28 Aug Microsoft: FPGA Wins Versus Google TPUs For AI

The Microsoft Brainwave mezzanine card extends each server with an Intel Altera Stratix 10 FPGA accelerator, synthesized to act as a “Soft DNN Processing Unit,” or DPU, and a fabric interconnect that enables datacenter-scale persistent neural networks.

At the recent Hot Chips conference, three of the world’s largest datacenter companies detailed projects that exploit Field Programmable Gate Arrays (FPGAs) as accelerators for performance-hungry datacenter applications, particularly for Machine Learning. While Xilinx and Intel (Altera) have long talked about the potential for their technologies to change the datacenter landscape, broad adoption has remained elusive, in part due to the challenges of FPGA development. Specifically, Amazon, Baidu, and Microsoft all announced technologies and initiatives that they hope will address those barriers to adoption and enhance their own AI services. Being a bit of a hardware geek, I will focus primarily here on the implications of Microsoft’s technology. However, it is worthwhile to also consider the Baidu and Amazon announcements; taken together, I believe these announcements may bode well for FPGA adoption in the datacenter, which in turn could pave the way for growth for Intel and especially Xilinx (as a pure FPGA play). “When the industry’s brightest spotlight turned to them at HotChips this week, Amazon, Baidu, and Microsoft all chose to talk about innovations in FPGA-based acceleration for their data centers,” said Steve Glaser, senior vice president of Corporate Strategy at Xilinx. “It is clear that momentum for FPGA acceleration in hyperscale data centers continues to be on the rise.

First, Baidu announced a new architecture they hope could broaden the use of FPGA’s as an acceleration platform.  The new Baidu “XPU” combines a CPU, GPU, and FPGA in a flexible configuration on a Xilinx FPGA, which they hope will be easier to program than traditional low-level techniques developers use today for FPGAs.  For their part, Amazon Web Services provided an update on their progress with the F1 acceleration platform, which supports an 8-node Xilinx-equipped EC2 instance to enable the FPGA acceleration application development.

Figure 1:  The Microsoft Brainwave mezzanine card extends each server with an Intel Altera Stratix 10 FPGA accelerator, synthesized to act as a “Soft DNN Processing Unit,” or DPU, and a fabric interconnect that enables datacenter-scale persistent neural networks.  Source: Microsoft.

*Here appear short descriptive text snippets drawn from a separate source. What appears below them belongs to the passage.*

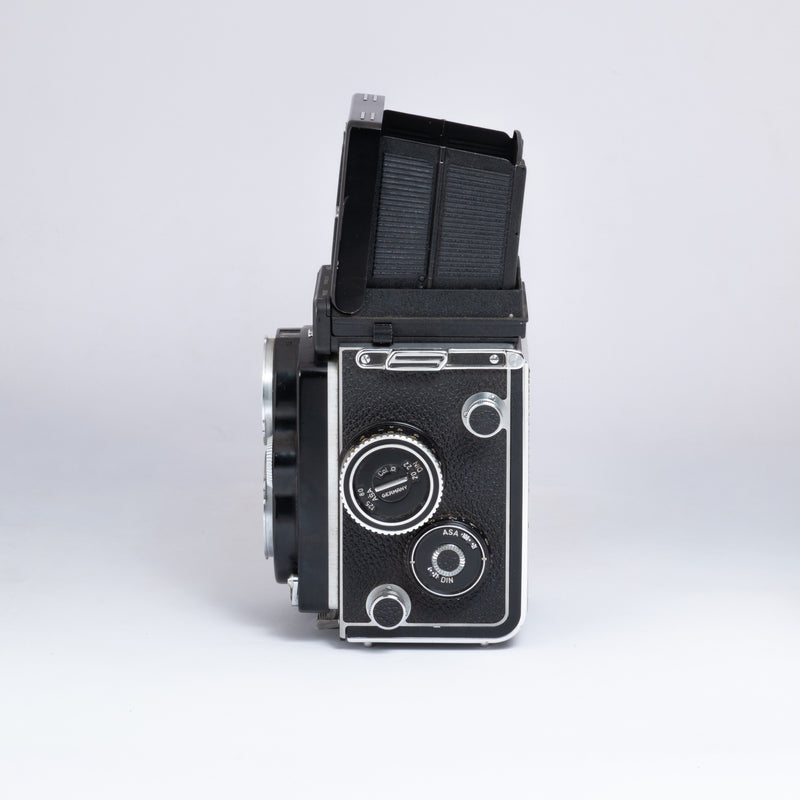 Rolleiflex 3.5F — side · view 5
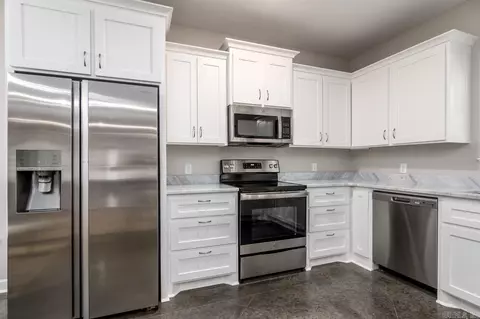 Kitchen - 2805 Carmichael, Conway, AR 72034 photo 2 of 4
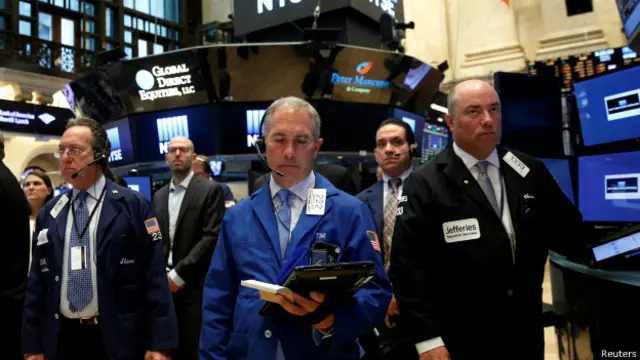 美國紐約股市默哀一分鐘幾年槍擊案死者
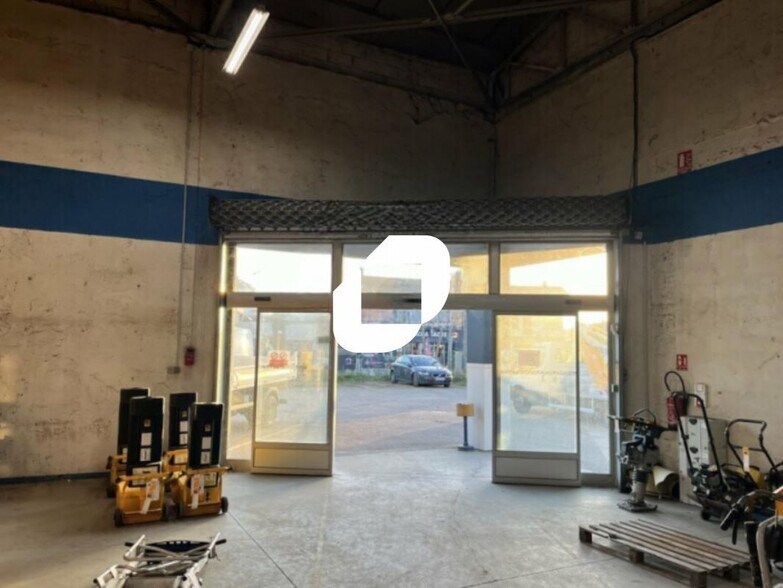 Flex in Vaulx-en-Velin for lease - Building Photo - Image 2 of 11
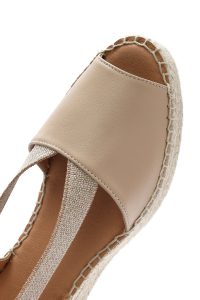 صندل زنانه بژ پاشنه لژ چرم دری مد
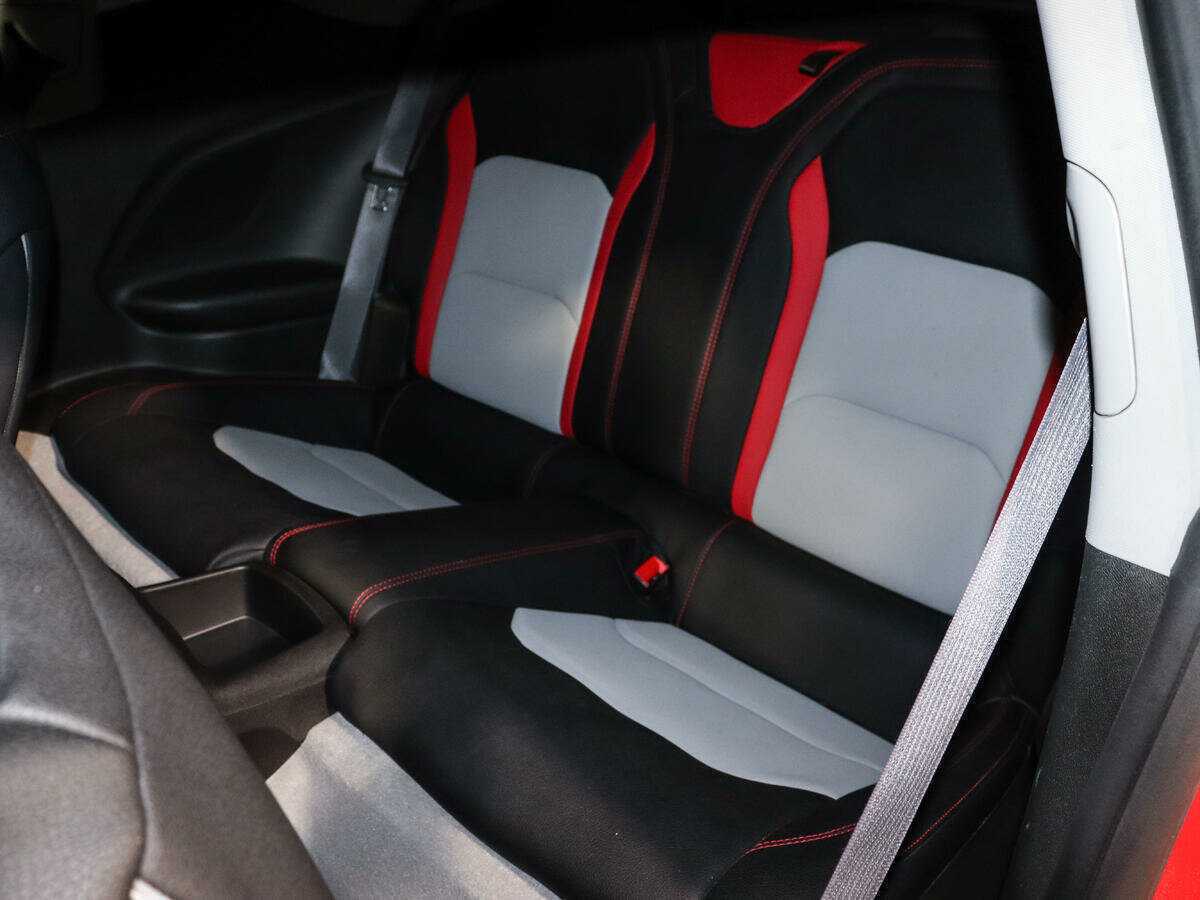 Б/У Шевроле Камаро 2016 года. Фото: #9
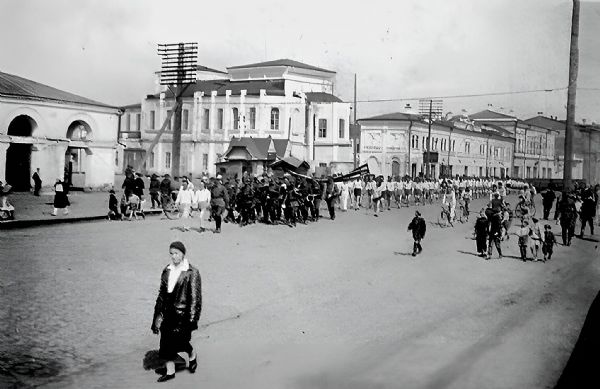 1 мая 1930 г. Фото Ю. П. Черданцева.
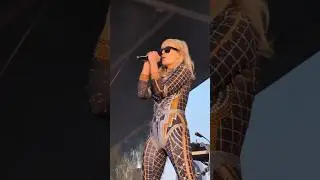 loved singing along with you all @ just like heaven ✨  #blacksheep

What did Microsoft announce?

While Amazon and Baidu are working to render FPGA’s more accessible and easier to program on their clouds, Microsoft is perhaps the largest end-user of FPGAs for datacenter applications, accelerating a wide swath of their massive computing infrastructure and applications on Bing and Azure.  To demonstrate their resulting prowess, Microsoft unveiled Project Brainwave, a scalable acceleration platform for deep learning, which can provide real time responses for cloud-based AI services.  Microsoft had previously announced some 29 of these AI APIs, lowering the barriers to adoption for enterprises looking to get on board the AI bandwagon. Now Microsoft is sharing details about the hardware infrastructure upon which these MLaaS APIs and Bing internal services are built.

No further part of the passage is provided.